Man pleasantly surprised looking at smartphone - "Brain bottle opener" exercise

“BRAIN BOTTLE OPENER” EXERCISE: Write a heartfelt smartphone letter in three minutes

Last updated: April 8th, 2019

The following has been excerpted from Let Me Out: Unlock Your Creative Mind and Bring Your Ideas to Life, through which rock-musician-turned-creativity-consultant Peter Himmelman aims to teach others how to stop making excuses and unlock their own creative potential. 

Front cover of book - "Brain bottle opener" exercise

The smartphone controversy

Hardly a day goes by without hearing that the iPhone (and all the other smartphones in the world) are destroying our humanity, our ability to communicate, to bond with others, and even our ability to think. I may be a lone voice out there but I beg to differ. I offer this: The smartphone is the most connective and most humanizing device ever created. Like every piece of technology from the knife to the violin, the way we use it determines whether it delivers pleasure or pain.

Do you have three spare minutes?

I want you to take THREE MINUTES to write a text or an email on your smartphone to someone you love. Someone who’s been a mentor, a guide, a positive force in your life. Do it right now. Tell them everything you’d want them to know, as if their survival into the next day were an uncertainty…

Now SEND!

That’s right: Take your index finger and hit send.

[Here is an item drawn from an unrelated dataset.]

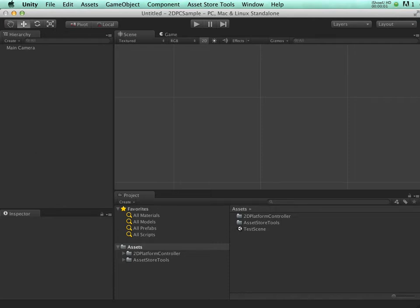Howdy folks, I often recommend that you use 3D physics even with 2D sprites. In this video I'll show you how to set that up.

Writing the smartphone letter and hitting send are actions of course, but they are also powerful metaphors. You took a nascent idea (your love for the person you wrote to) and brought it through “the pin-hole” as my friend and filmmaker Jim Hershleder likes to say.

In that special moment while you were writing, your thoughts became transmuted into reality. They became a written depiction of your feelings and took on a new, more genuine dimension. By hitting send you drew that idea one step further into reality through the act of sharing.

It actually works—a real-life example

I recently received an email from a participant in one of my Big Muse workshops, Brad G., a successful Chicago businessman, in which he described how this particular BBO [Brain Bottle Opener] changed his life. Brad told me that he and his 88-year-old father always had a somewhat distant relationship, that he’d never once heard his father say, “I’m proud of you” or “I love you.” Then he went on to tell me that he sent his father a text during one of my seminars that said simply:

“Dad, I don’t think I’ve ever told you this, but I really love you.”

Within minutes he received two text messages, each from a different sister.

“OMG, Brad are you going down in a plane crash?”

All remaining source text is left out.